Despite the dangers and the massive gamble that he would lose all the movement he had regained, Mr Flounders said there was no decision to make. He had to go.

“I was gambling everything I had achieved. All the progress I had made because if they had slipped up I could have been paralyzed completely from the neck down again,” he added.

He first heard about the pioneering procedures on a spinal injuries blog online.

“It was really bizarre, as I was reading about it I knew it was what I had to do. The whole thing became a very spiritual experience for me,” he said. “It was really a step of faith to travel to a country 5,500 miles away where the doctors were saying they didn't know what they would find when they opened up my neck, it could just crumble and all collapse, but I knew it was the right thing for me to do.

“You have to evaluate your whole life, the quality of life you have and think can I live with what I have now or do I take a chance to see if I could be a bit better?”

Stem cell therapy

Stem cells are the building blocks of our bodies that have not yet been assigned a specialist task.

Given particular chemical signals they can be transformed into anything from a heart cell to a nerve cell.

Adult stem cells exist in a wide range of tissues including bone marrow, muscle, the brain and the liver and they are already half way down the path to becoming a specific type of cell.
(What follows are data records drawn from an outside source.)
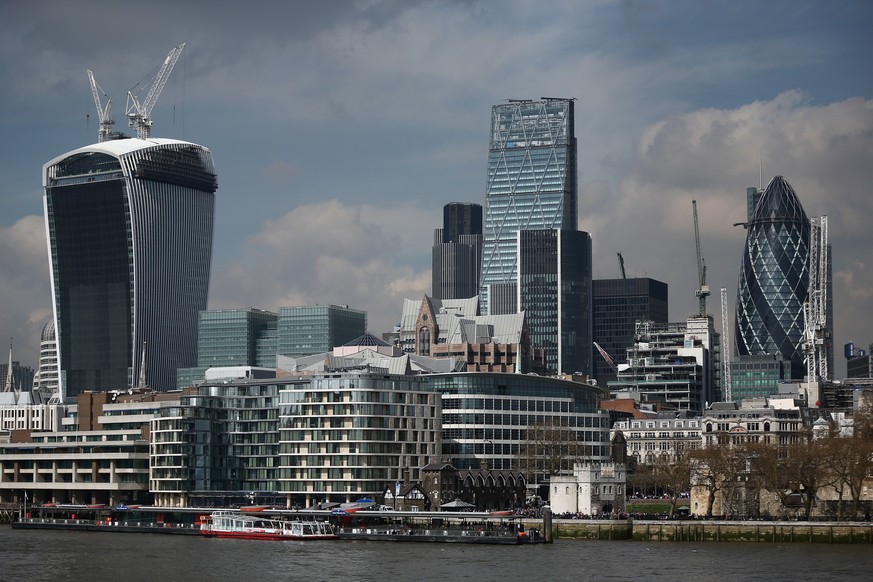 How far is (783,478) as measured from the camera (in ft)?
625

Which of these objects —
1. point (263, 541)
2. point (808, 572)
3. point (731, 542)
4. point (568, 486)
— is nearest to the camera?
point (808, 572)

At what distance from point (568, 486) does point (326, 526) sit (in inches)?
1278

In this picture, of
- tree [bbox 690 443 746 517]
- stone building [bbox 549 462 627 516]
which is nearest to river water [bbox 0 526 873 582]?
stone building [bbox 549 462 627 516]

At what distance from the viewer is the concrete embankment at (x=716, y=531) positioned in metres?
168

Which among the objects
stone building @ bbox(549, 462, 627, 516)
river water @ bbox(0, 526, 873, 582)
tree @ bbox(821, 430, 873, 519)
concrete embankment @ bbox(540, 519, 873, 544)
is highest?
tree @ bbox(821, 430, 873, 519)

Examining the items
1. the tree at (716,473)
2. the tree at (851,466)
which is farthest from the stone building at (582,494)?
the tree at (851,466)

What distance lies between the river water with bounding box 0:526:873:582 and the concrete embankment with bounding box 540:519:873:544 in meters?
3.43

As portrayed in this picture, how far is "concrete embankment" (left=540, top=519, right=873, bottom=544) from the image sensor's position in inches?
6619

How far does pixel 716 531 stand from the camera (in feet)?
568

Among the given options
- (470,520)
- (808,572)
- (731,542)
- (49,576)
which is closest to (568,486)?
(470,520)

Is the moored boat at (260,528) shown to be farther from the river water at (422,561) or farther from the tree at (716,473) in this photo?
the tree at (716,473)

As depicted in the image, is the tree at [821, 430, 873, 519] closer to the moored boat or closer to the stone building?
the stone building

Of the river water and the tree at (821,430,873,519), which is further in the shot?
the tree at (821,430,873,519)

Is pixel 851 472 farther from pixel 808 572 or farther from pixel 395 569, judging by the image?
pixel 395 569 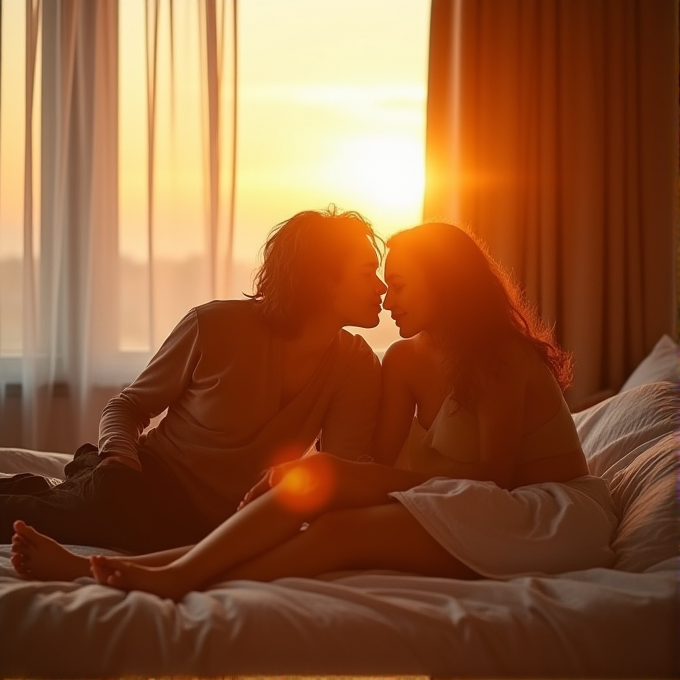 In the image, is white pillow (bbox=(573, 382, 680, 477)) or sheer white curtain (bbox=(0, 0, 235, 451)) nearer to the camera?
white pillow (bbox=(573, 382, 680, 477))

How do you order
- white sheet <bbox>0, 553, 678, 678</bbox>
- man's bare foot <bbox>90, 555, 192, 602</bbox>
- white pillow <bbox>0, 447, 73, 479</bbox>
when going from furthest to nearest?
white pillow <bbox>0, 447, 73, 479</bbox> < man's bare foot <bbox>90, 555, 192, 602</bbox> < white sheet <bbox>0, 553, 678, 678</bbox>

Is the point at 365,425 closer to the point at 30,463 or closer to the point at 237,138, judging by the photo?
the point at 30,463

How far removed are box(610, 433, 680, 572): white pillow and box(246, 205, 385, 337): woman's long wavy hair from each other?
779mm

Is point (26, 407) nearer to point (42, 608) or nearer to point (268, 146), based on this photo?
point (268, 146)

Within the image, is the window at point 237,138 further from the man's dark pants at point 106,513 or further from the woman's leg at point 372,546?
the woman's leg at point 372,546

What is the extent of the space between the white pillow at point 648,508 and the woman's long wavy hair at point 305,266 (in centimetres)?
78

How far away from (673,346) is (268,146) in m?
1.73

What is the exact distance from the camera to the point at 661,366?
2.96 metres

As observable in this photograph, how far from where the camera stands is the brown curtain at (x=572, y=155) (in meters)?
3.66

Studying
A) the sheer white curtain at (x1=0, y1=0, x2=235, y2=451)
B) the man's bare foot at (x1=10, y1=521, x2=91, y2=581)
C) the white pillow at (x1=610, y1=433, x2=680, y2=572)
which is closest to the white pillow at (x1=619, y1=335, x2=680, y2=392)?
the white pillow at (x1=610, y1=433, x2=680, y2=572)

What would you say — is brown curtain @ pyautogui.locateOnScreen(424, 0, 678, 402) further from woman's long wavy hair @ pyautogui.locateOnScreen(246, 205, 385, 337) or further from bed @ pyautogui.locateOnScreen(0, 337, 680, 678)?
bed @ pyautogui.locateOnScreen(0, 337, 680, 678)

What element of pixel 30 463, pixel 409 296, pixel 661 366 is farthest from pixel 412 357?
pixel 661 366

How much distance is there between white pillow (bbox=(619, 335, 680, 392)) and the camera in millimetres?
2834

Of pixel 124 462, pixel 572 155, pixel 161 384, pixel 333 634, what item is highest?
pixel 572 155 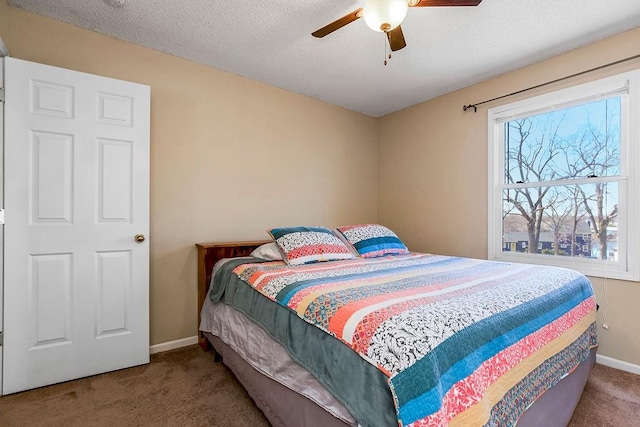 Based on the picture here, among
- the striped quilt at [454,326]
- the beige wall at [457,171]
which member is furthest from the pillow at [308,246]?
the beige wall at [457,171]

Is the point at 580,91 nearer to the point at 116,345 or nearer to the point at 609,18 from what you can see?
the point at 609,18

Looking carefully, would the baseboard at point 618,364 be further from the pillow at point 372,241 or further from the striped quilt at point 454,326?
the pillow at point 372,241

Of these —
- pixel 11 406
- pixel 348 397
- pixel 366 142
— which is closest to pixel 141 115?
pixel 11 406

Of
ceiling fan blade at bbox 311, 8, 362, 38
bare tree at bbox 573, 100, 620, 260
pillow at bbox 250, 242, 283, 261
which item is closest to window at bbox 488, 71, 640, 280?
bare tree at bbox 573, 100, 620, 260

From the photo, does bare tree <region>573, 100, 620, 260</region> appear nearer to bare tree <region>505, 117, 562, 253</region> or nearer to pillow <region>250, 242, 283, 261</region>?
bare tree <region>505, 117, 562, 253</region>

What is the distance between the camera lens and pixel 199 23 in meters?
2.10

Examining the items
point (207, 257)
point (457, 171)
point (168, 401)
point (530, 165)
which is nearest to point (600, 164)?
point (530, 165)

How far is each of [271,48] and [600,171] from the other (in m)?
2.76

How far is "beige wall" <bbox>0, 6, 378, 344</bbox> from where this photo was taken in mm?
2217

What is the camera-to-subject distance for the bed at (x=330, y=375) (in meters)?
0.88

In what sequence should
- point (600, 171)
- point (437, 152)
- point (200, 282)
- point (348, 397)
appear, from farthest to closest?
point (437, 152) < point (200, 282) < point (600, 171) < point (348, 397)

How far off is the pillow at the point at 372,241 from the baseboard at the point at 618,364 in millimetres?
1608

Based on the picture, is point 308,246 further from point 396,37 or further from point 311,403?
point 396,37

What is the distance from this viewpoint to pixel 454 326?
3.33 ft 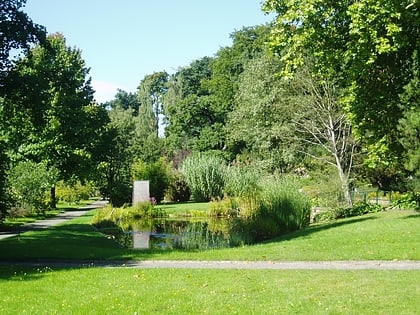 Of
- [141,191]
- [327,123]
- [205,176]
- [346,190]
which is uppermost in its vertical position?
[327,123]

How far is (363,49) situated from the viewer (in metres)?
16.1

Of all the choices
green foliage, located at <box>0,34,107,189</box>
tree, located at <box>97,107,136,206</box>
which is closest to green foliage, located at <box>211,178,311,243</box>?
green foliage, located at <box>0,34,107,189</box>

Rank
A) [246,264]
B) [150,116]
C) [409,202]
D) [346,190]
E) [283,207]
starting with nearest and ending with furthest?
[246,264] < [283,207] < [409,202] < [346,190] < [150,116]

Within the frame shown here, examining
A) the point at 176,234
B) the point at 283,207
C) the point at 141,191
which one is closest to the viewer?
the point at 283,207

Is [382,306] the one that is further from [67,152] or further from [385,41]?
[67,152]

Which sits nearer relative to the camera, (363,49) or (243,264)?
(243,264)

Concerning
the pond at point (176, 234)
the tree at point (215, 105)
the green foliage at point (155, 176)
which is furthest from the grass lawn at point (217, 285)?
the tree at point (215, 105)

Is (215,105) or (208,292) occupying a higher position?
(215,105)

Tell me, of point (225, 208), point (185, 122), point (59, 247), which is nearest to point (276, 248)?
point (59, 247)

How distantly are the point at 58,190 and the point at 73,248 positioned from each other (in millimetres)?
31473

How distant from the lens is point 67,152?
35938 mm

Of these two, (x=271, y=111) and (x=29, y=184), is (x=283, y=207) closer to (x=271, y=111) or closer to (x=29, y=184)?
(x=271, y=111)

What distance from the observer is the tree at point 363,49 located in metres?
15.5

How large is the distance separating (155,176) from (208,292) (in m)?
31.6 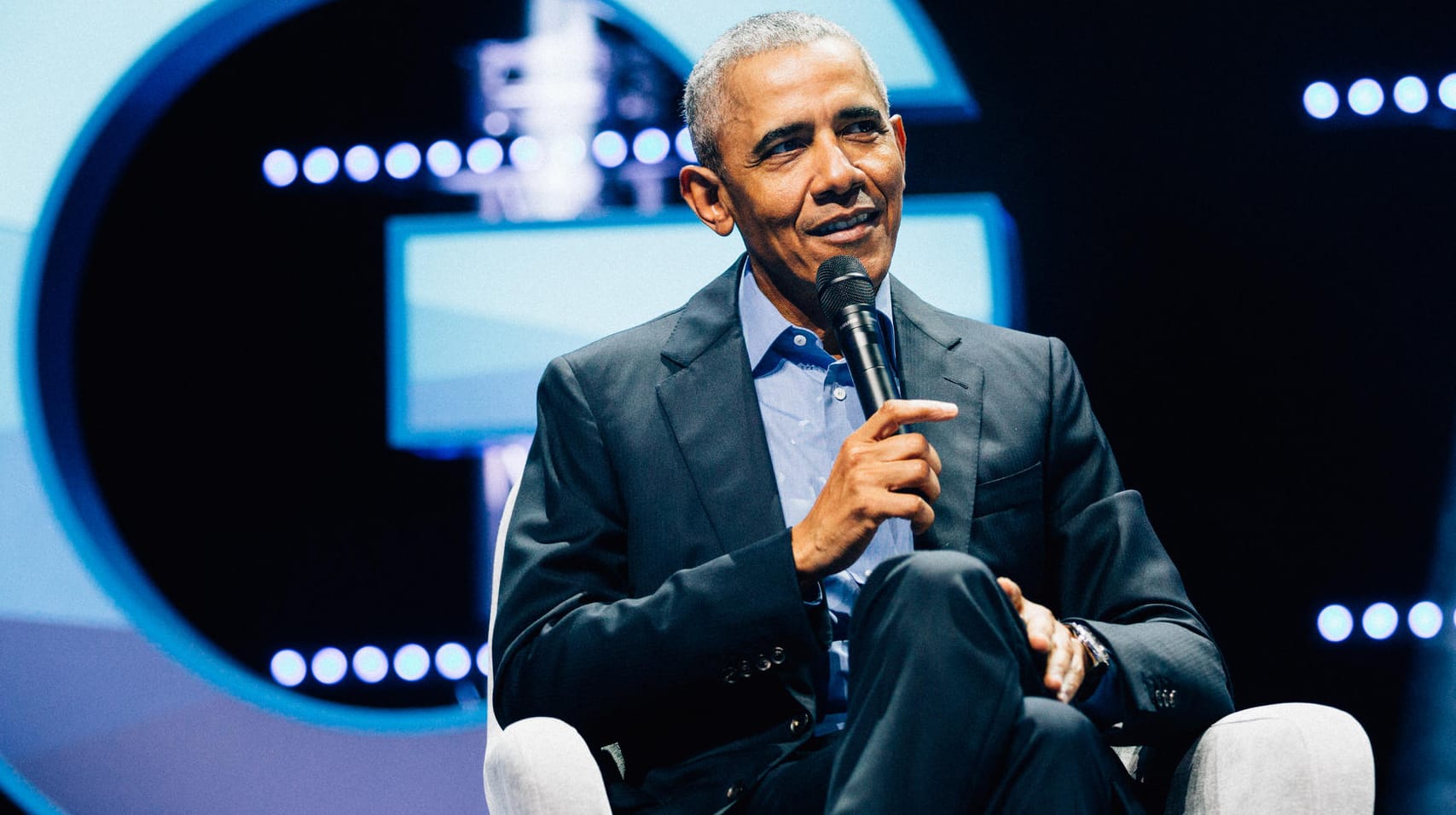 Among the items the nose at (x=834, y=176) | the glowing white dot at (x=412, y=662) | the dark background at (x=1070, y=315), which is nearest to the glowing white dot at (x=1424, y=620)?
the dark background at (x=1070, y=315)

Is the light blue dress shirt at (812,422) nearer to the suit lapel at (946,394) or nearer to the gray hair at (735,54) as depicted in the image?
the suit lapel at (946,394)

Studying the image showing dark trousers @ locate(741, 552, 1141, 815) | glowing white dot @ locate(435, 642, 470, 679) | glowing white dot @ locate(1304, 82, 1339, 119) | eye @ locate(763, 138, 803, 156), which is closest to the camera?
dark trousers @ locate(741, 552, 1141, 815)

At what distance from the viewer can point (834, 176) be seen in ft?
5.87

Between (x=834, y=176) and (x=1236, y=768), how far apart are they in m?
0.88

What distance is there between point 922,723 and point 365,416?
1864 millimetres

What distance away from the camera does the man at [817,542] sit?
1246 mm

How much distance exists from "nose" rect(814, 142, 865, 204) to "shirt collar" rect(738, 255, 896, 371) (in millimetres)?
179

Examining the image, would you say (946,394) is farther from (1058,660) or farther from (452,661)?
(452,661)

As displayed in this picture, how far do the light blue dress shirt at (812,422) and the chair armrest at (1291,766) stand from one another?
0.47 metres

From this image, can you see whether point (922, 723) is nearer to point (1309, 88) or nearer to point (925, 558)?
point (925, 558)

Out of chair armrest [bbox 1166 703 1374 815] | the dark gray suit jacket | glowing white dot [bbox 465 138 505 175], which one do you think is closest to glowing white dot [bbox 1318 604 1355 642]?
the dark gray suit jacket

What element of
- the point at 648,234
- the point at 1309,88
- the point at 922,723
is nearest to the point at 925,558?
the point at 922,723

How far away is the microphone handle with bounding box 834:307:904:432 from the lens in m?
1.44

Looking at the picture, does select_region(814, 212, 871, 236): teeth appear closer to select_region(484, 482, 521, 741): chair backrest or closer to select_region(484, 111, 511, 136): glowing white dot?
select_region(484, 482, 521, 741): chair backrest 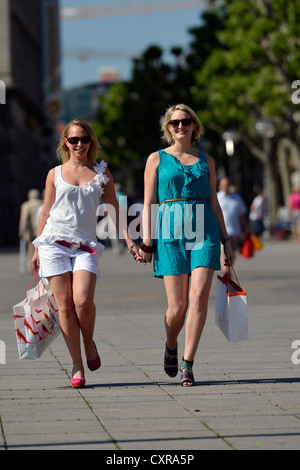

As such they have restricted potential and can only give rise to a few types of cells.

The more controversial embryonic stem cell therapy, not yet practiced, would use cells harvested from embryonic tissue. They are more versatile and can be developed into almost any kind of cell type in the body.

The idea behind stem cell treatment for paralysed patients is that the stem cells can grow into nerve cells to replace those permanently damaged, bridging the gap between the severed pieces of the spinal cord.